T&T in a really bad way

After six months under the State of Emergency (SoE), which was declared in the hope of reducing COVID-19 infections and death, the sad reality facing Trinidad and Tobago is that we are now back in the same space we were last May, with the parallel healthcare system overloaded with cases and struggling to keep those people alive.

With the SoE now done, citizens’ movement is no longer restricted and there is a sense of an impending return to some semblance of normalcy for many sectors of business, industry and even social activity.
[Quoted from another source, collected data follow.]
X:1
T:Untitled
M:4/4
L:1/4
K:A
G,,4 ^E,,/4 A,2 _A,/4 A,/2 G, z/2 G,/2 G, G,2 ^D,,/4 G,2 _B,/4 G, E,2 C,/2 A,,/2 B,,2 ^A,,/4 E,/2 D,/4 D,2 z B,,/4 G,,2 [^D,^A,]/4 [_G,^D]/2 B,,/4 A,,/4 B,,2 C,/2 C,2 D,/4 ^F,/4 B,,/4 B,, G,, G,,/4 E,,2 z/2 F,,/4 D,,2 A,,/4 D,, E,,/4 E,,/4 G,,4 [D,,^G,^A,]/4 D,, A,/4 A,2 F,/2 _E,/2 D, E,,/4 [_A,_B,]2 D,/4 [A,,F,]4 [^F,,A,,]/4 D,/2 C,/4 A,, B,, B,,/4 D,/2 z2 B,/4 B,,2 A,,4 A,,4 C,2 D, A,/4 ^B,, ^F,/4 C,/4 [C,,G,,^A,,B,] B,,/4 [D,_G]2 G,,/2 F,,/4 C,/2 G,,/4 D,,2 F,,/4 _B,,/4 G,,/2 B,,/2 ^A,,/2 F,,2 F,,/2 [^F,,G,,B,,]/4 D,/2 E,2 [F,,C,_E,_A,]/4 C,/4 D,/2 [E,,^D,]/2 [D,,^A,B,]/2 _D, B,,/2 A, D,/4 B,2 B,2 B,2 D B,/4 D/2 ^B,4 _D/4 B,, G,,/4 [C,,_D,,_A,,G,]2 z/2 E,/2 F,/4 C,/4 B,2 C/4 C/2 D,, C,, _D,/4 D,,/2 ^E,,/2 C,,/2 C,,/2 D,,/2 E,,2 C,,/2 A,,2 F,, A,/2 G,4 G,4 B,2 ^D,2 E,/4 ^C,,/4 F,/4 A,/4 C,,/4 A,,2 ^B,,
Yesterday, Health Minister Terrence Deyalsingh told citizens they now have a greater responsibility for reducing the transmission of the virus. Indeed, while everyone has the opportunity to ‘free up’, our lives are now in each others’ hands. In fact, at no point in time in our history has being our brother’s keeper been more important. The vaccinated and unvaccinated have an equal burden in preventing the Delta variant from ravaging the country.

According to data presented by Minister Deyalsingh, at the start of the SoE on May 15, there was a peak of 472 patients in the parallel system, followed by a decrease. Around July 10, there was an average occupancy rate of 40 per cent and cases eventually dropped to a manageable 318, which was maintained for 113 days until September 29, when there was an increase they have not been able to control since.

The public, in particular those who refused to vaccinate and adjust their lifestyles to reduce risk, did not heed the numerous warnings. So now, we have an unimaginable spike that is seeing us race towards 2,000 deaths and infections, with a new record 781 new cases reported yesterday, that have led to even children being warded in intensive care units.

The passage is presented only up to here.